Thinking more at this I don't think the result of the size check was
nearly enough to come to any conclusion. The only probably conclusion
one can take is that if the size didn't change it was a fail, because
there would be high probability that it wouldn't be beneficial because
it was a noop (even that wouldn't be 100% certain).

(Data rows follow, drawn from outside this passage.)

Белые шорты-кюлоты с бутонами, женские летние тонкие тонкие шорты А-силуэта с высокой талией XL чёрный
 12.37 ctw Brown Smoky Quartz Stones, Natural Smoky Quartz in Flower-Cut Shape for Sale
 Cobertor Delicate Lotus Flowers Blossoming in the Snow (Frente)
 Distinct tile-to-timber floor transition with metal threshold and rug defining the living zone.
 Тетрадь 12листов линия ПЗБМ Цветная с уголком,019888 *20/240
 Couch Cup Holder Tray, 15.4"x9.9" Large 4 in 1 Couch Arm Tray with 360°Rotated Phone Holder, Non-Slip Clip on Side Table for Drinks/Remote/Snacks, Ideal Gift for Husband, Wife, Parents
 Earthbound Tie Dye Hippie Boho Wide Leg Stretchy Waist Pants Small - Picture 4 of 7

One needs to look at why it changed to take any conclusion, and the
reason it got smaller is that all dynamic tracing for ftrace was
dropped, the functions were already inlined fine in the RETPOLINE
case.

Those are tiny functions so it looks a positive thing to make them as
small as possible, there are already proper tracepoints in
kvm_exit/kvm_entry for bpf tracing all all KVM events so there's no
need of the fentry in those tiny functions with just an instruction
that are only ever compiled as static because of the pointer to
function.

This however also means it helps the CONFIG_RETPOLINE=n case and it
doesn't help at all the CONFIG_RETPOLINE=y case, so it's fully
orthogonal to the patchset and can be splitted off but I think it's
worth it.

Thanks,
Andrea
Paolo Bonzini Sept. 25, 2019, 7:52 a.m. UTC | #6
On 24/09/19 03:55, Andrea Arcangeli wrote:
>> So it's forty bytes.  I think we can leave this out.
> This commit I reverted adds literally 3 inlines called by 3 functions,
> in a very fast path, how many bytes of .text difference did you expect
> by dropping some call/ret from a very fast path when you asked me to
> test it? I mean it's just a couple of insn each.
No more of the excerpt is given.